I'll explain. I'll set my hand free for a moment. Voyage to the End of the Room is a novel that:
Evokes Amis in the style of Martin with the Amis clearly influenced by following in the Amis of Martin bloody Amis help ow Amis . . .
Ouch. And that's how much of a problem it's becoming. Amis is a lodestar for British novelists of a certain age and aspiration, Tibor Fischer among them. Fischer debuted strongly with Under the Frog in 1993, securing a place on Granta's best-young-novelists list, as well as Booker Prize nominations and the celebrity (or at least notice) that attends on hot, young writers in the UK.

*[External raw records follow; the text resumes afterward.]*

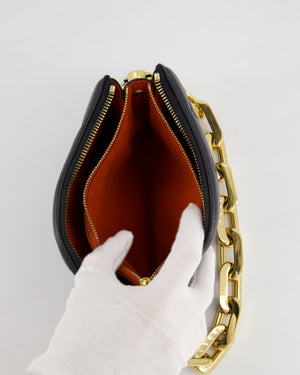 Louis Vuitton Coussin BB Bag in Black Monogram Embossed Calfskin Leather with Gold Chain Strap £2,940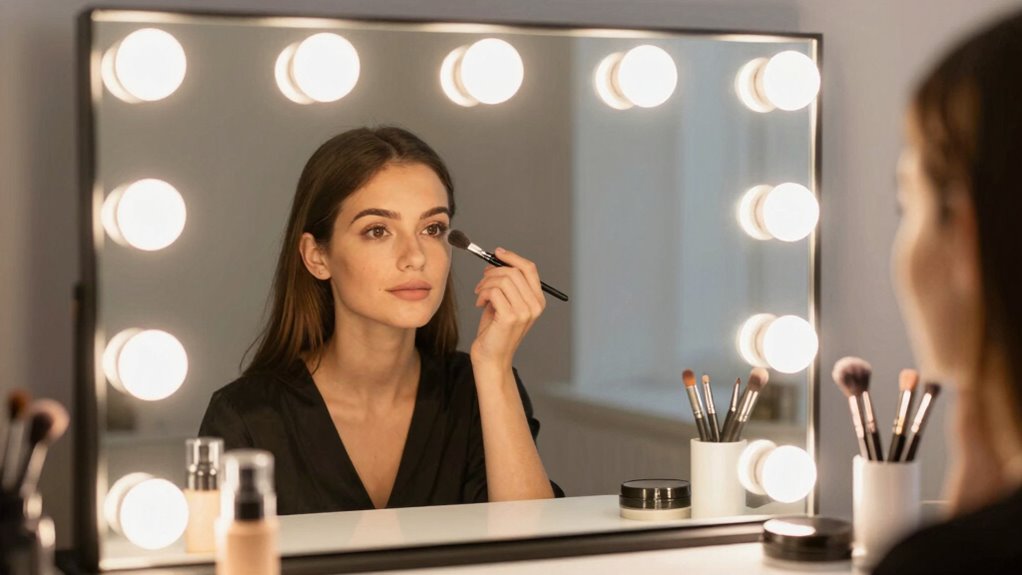 optimal vanity mirror brightness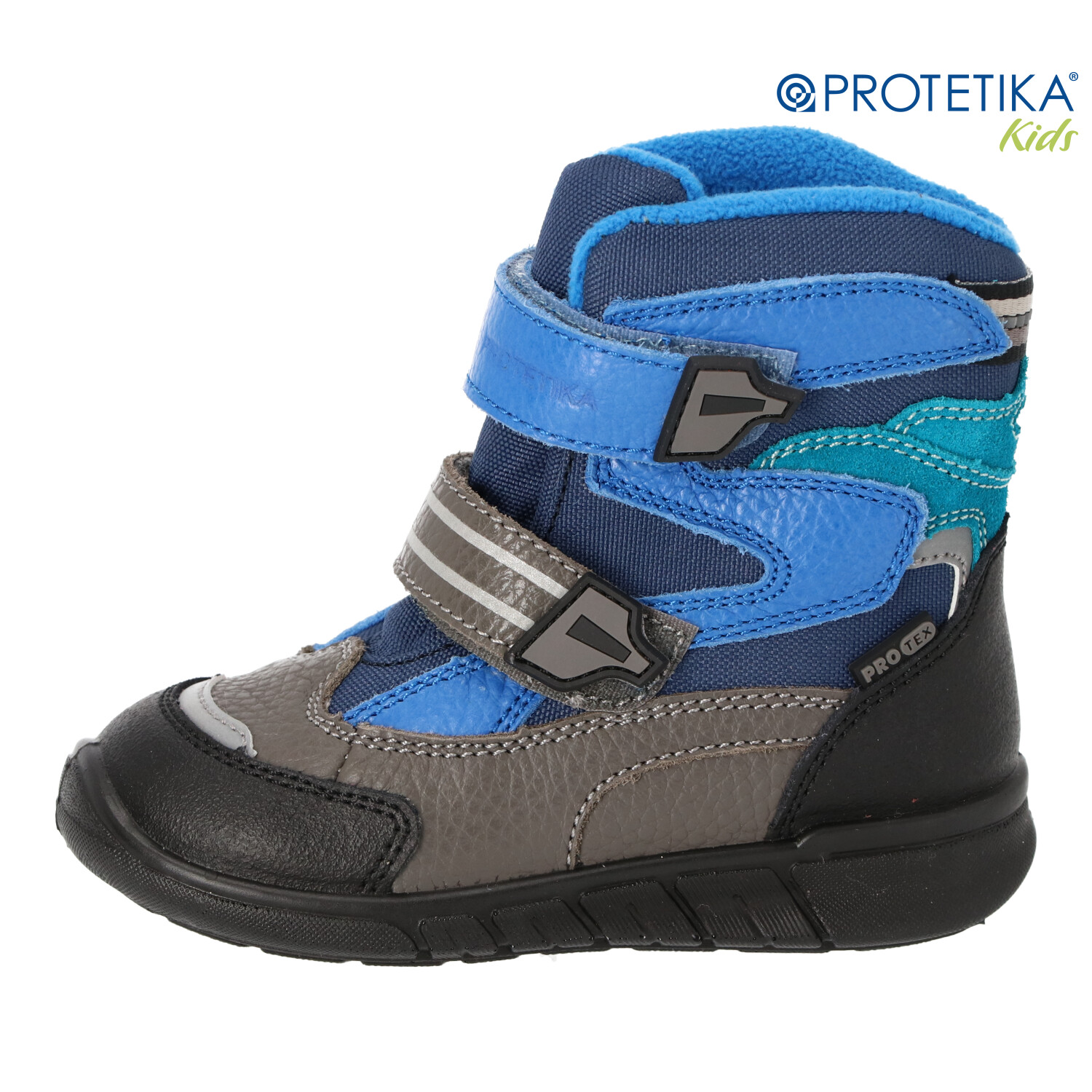 Protetika - zimné topánky s membránou PRO-tex MARON blue - zateplené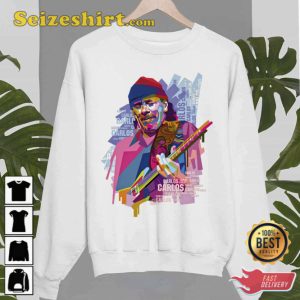 Santana Face Digital Design Unisex Sweatshirt Gift For Fan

High hopes were upon him, and that's often hard. But his career since then has seemed a gripless slide into a certain mordant, gymnastic cleverness -- an art formed of microtuned phrases and adept set-pieces that seem to exist for their own sake, with the story and characters as mere delivery system. This comes from Amis, or rather from following too closely in the young-British cult of Amis, and it's been a dominant trend in British letters for a decade. As brilliant as Fischer is, Voyage to the End of the Room shows that things can't go on like that forever. It's a splat of clay scattered with gem chips -- or, one suspects, literally a collection of very acute ideas from a notebook that Fischer carries around, ideas that looked like they'd be good in a novel, whatever the next one eventually turned out to be about.

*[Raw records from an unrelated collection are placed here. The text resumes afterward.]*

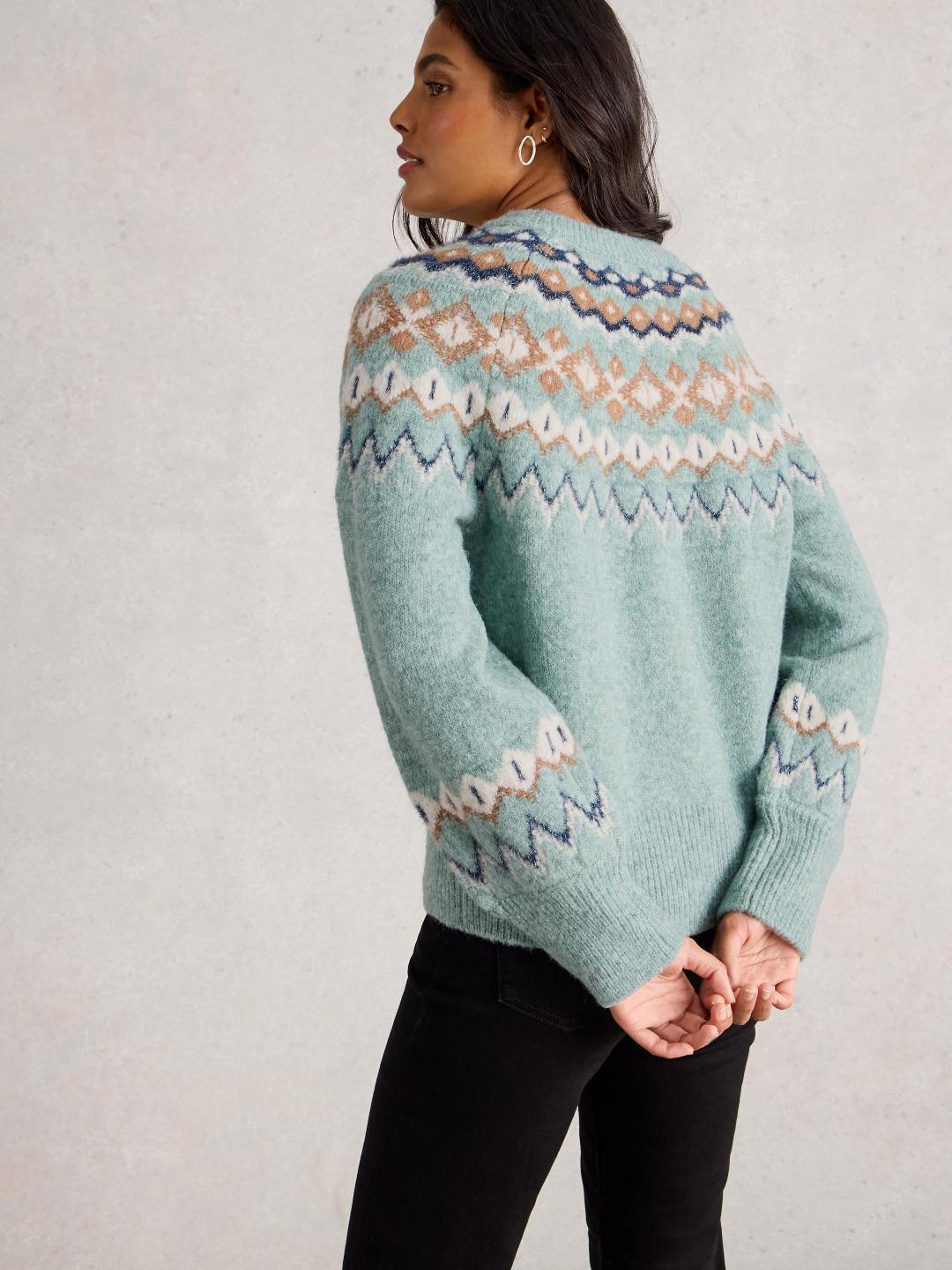 444650-BLUE_MLT-MB White Stuff ARCTIC FAIRISLE JUMPER BLUE MLT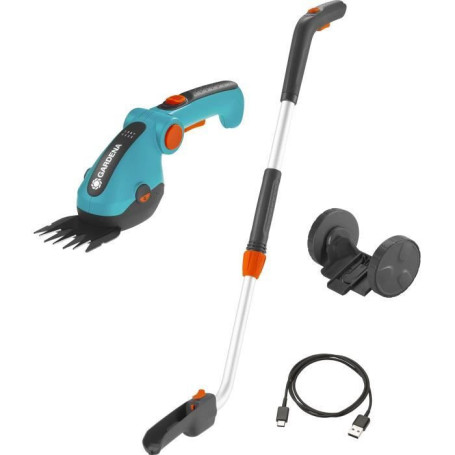 Cisaille à Gazon ComfortCut avec Manche Télescopique et Roues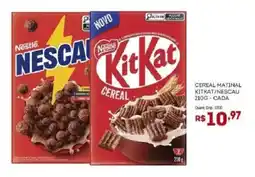 Bistek Supermercados Cereal matinal kitkat/nescau oferta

Oceane is a thirtyish graphic designer, accidentally rich, who grew estranged from the damp, intense, New Yorkish metropolis that contemporary London has become and decided to stay home and order in, since "London is deliverable." She never leaves her apartment building, even while traveling: A downstairs neighbor sells "vacations" in his own apartment by arranging for Oceane a perfect foreign experience -- such as an evening in Finland, with a dinner of plain fish and potatoes and a couch stocked with a melancholy drunk who tries to pick her up. Oceane gives observations, she ruminesces. That's a very Fischer word: He's a neologician; he balances sentences with cool alacrity; his timing is cadenced. We get small, deliciously direct treatises on the lines used by panhandlers, on how certain professions "have ready admittance. You are lying in bed one afternoon, unemployed, unskilled, unwashed in grotty bedding with no friends, no money and no prospects, and miraculously, by one tiny mental adjustment, you're no longer a zero-contributist, a failurist, you're a poet." And on many other things, and often deliciously. Then a flashback to years earlier, when Oceane lived and worked at a club in Barcelona, doing live sex shows, and the novel hangs there for an eternity. There's a string of unresolved deaths, including a character found crushed on a rooftop under a dead cow. A dead ex-boyfriend writes cryptic letters; another character goes to war in the former Yugoslavia.
And it's all brilliant, until you realize the plot has fallen apart completely, and that Fischer knows it too, yet keeps trying to apply duct tape in the form of another small treatise on human nature, on love, on war or party etiquette -- one more set piece, one more node of cleverness.
Because here's what he's doing: As Oceane tells of herself, of her life and its incongruities and toothsome ironies, with epigrammarian twist lines such as "Writhing about in ecstasy is harder work than you would credit," we keep hearing a voice in her that sounds like Fischer's -- and there are sudden moments in which a soul seems to appear on the page in all bareness, needing to speak from itself to you. (An unaccountable, jarring line from the cool, smooth-miened Oceane: "It's terrifying to think that one day the desire for [good food, music, a good chat] might vanish like the desire to go out. And then I'll have nothing to keep the terror away.") Soon every character has the same voice and is speaking from a similar standpoint, and you realize that Fischer is often writing as an essayist, in plain earnest, yet hiding behind the notion of the Amis-inspired "brilliant novel," with its flashy lines and seamless tone, as a security measure.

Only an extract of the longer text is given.